Running training with DeepSpeed

Use accelerate launch with a DeepSpeed config file. TRL provides ready-to-use config files in examples/accelerate_configs/.
acceleate launch --config_file <ACCELERATE_WITH_DEEPSPEED_CONFIG_FILE.yaml> train.py
For example, to train with ZeRO Stage 2:
acceleate launch --config_file examples/accelerate_configs/deepspeed_zero2.yaml train.py

Example accelerate configs

The following configs are provided in the TRL repository and can be used directly or adapted for your setup.
compute_environment: LOCAL_MACHINE
debug: false
deepspeed_config:
  deepspeed_multinode_launcher: standard
  gradient_accumulation_steps: 1
  zero3_init_flag: false
  zero_stage: 1
distributed_type: DEEPSPEED
downcast_bf16: 'no'
machine_rank: 0
main_training_function: main
mixed_precision: 'bf16'
num_machines: 1
num_processes: 8
rdzv_backend: static
same_network: true
use_cpu: false

Multi-node setup

For multi-node training, update num_machines, machine_rank, and rdzv_backend in your config file. The deepspeed_multinode_launcher: standard field is already set in the provided configs.
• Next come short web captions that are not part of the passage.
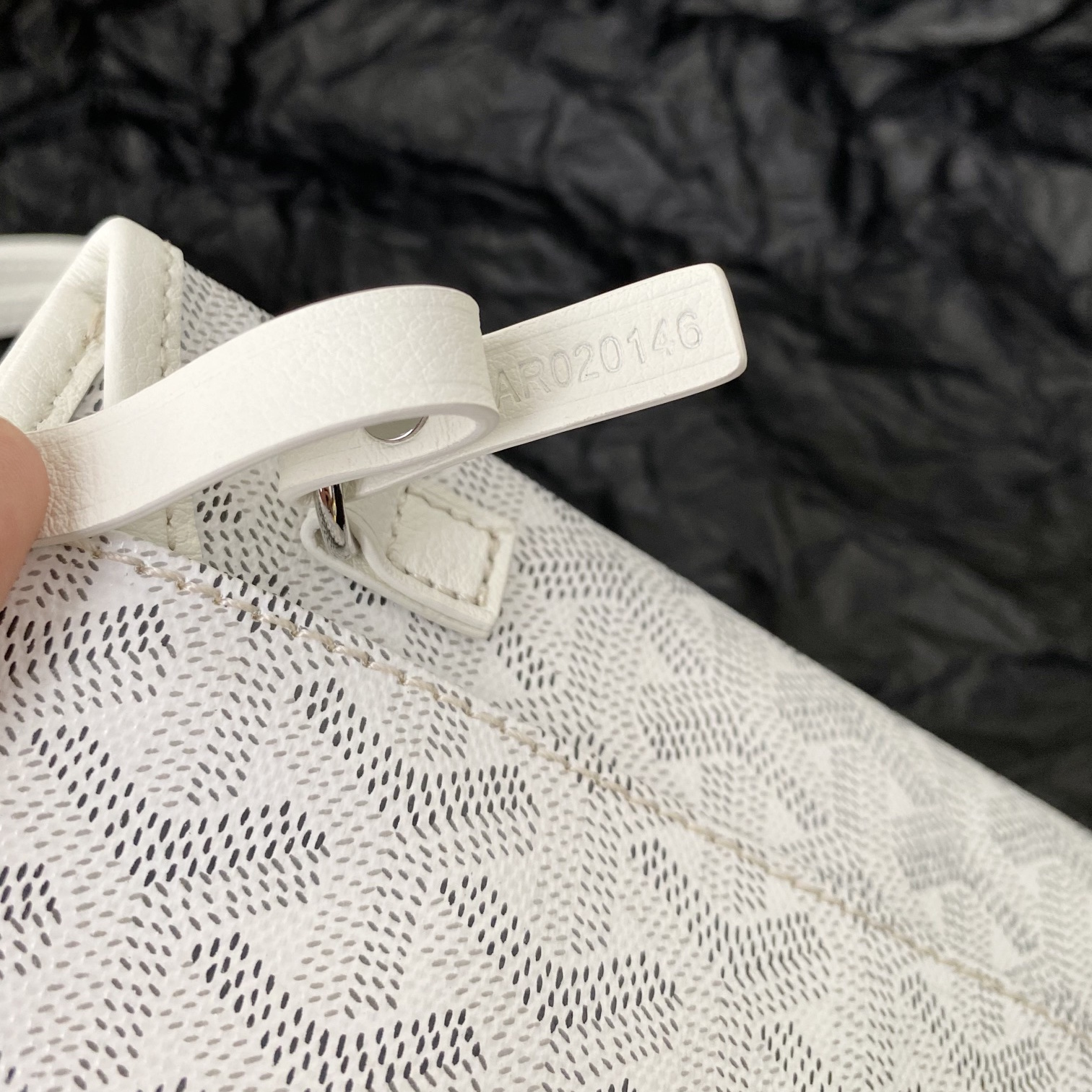 高仿Goyard*STLOUIC滿印Tote購物袋白色中號免檢版
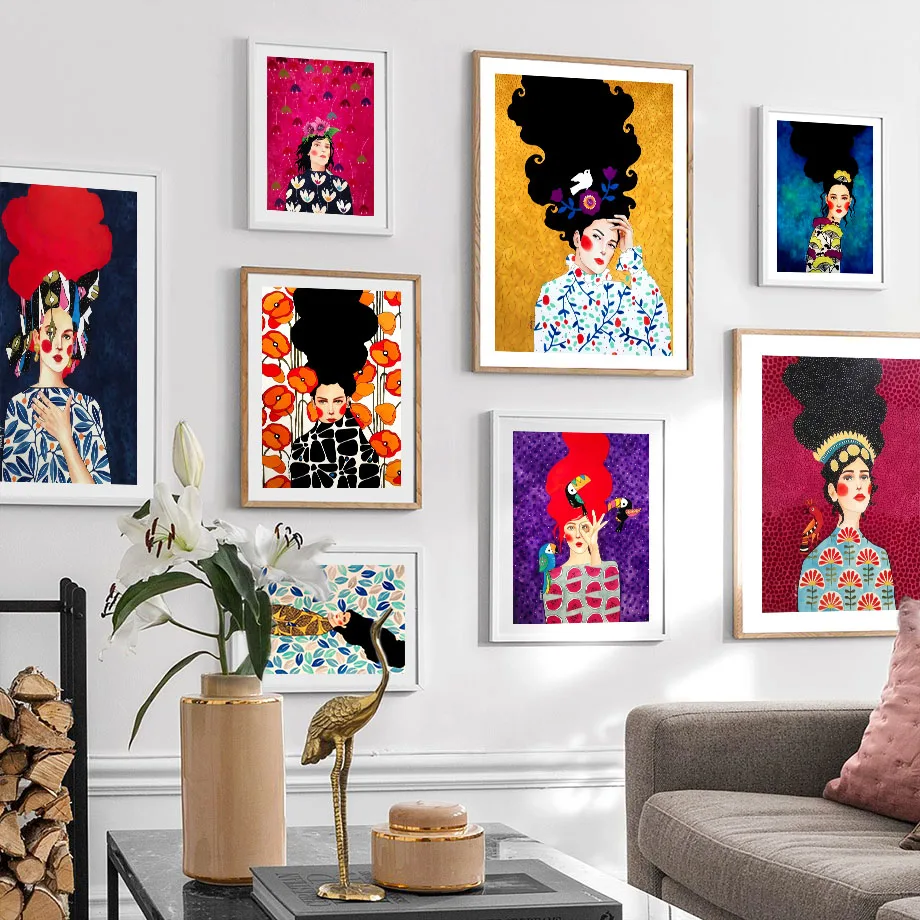 

Graffiti Explosion Head Girl Fox Flower Wall Art Canvas Painting Modern Nordic Posters And Prints Wall Pictures For Living Room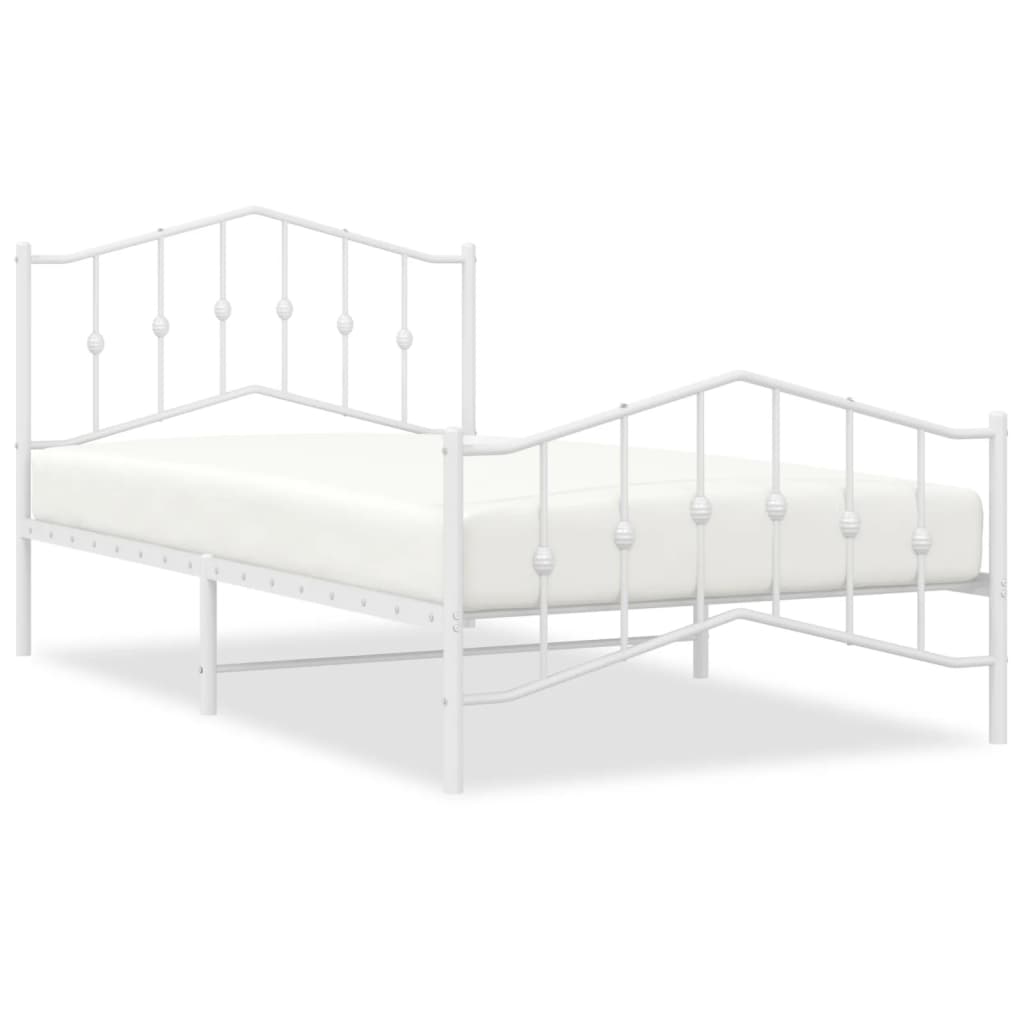 Cadru de pat metalic cu tăblie de cap/picioare alb, 100x200 cm - Lando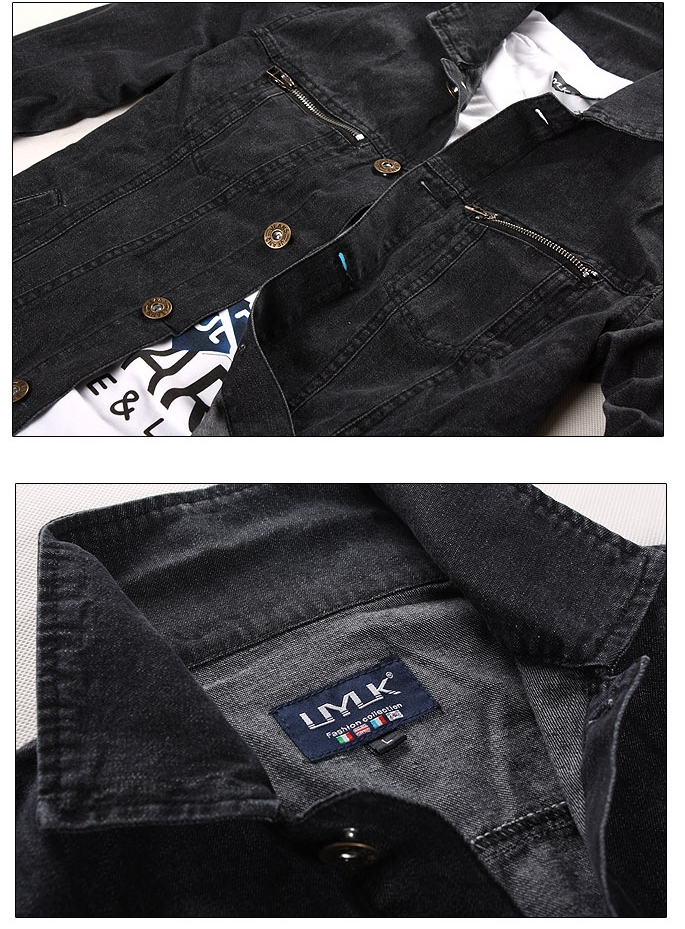 แจ๊กเก็ตแฟชั่น แจ๊กเก็ตยีนส์ สีดำ กระดุมหน้า แต่งขอบปลายแขนและขอบเอว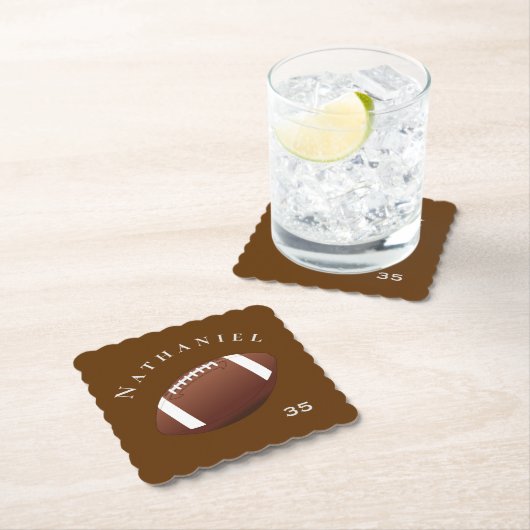 パーソナライズされたお祝い写真と文字サッカー ペーパーコースター (インサイチュ)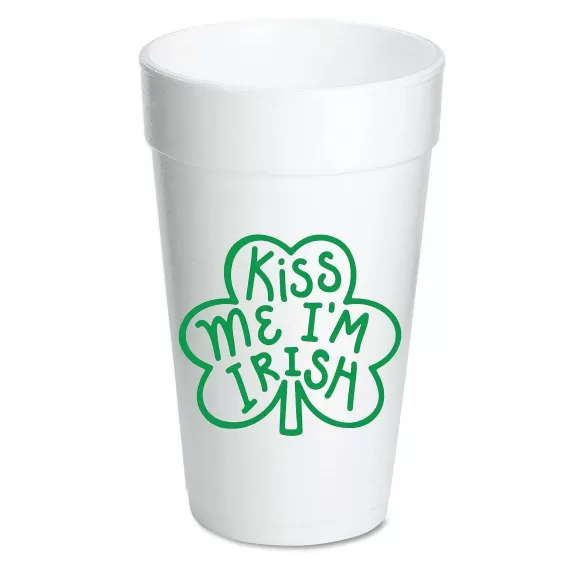 Sip Hip Hooray Party Diy>Kiss Me I'M Irish Foam Cups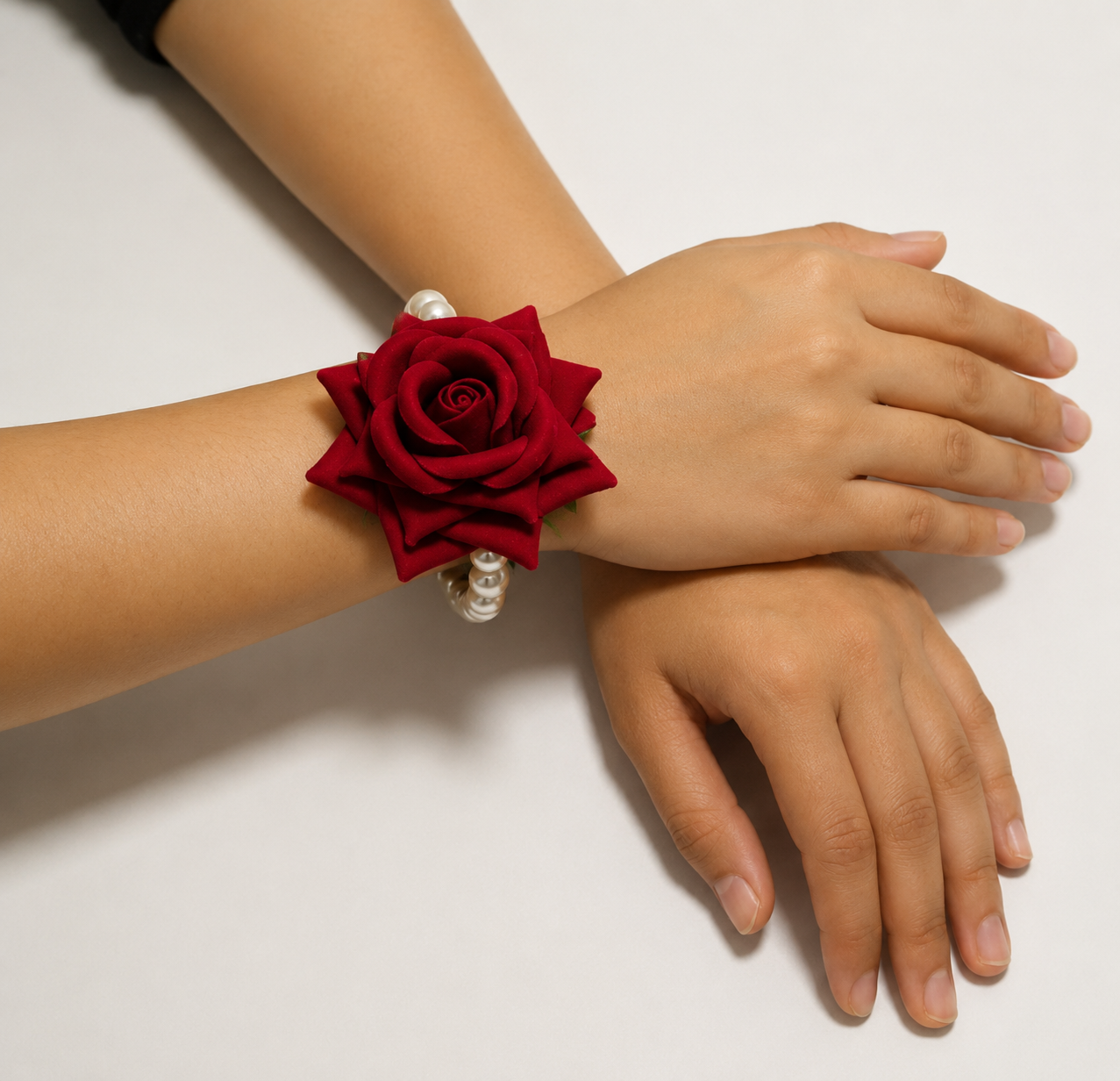 Red Rose Pearl Bracelet Set | Premium Artificial Flowers | Elegant Faux Pearl Wrist Bands | Lightweight & Comfortable | Perfect for Bridal, Wedding, Engagement, Festive & Return Gift Use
Consult the Accelerate DeepSpeed documentation for detailed guidance on multi-node configuration.

Additional resources

Accelerate DeepSpeed guide

Full documentation for the DeepSpeed plugin in Accelerate.

TRL accelerate configs

Ready-to-use Accelerate config files for all ZeRO stages.

ZeRO paper

Zero Redundancy Optimizer — the foundational research paper.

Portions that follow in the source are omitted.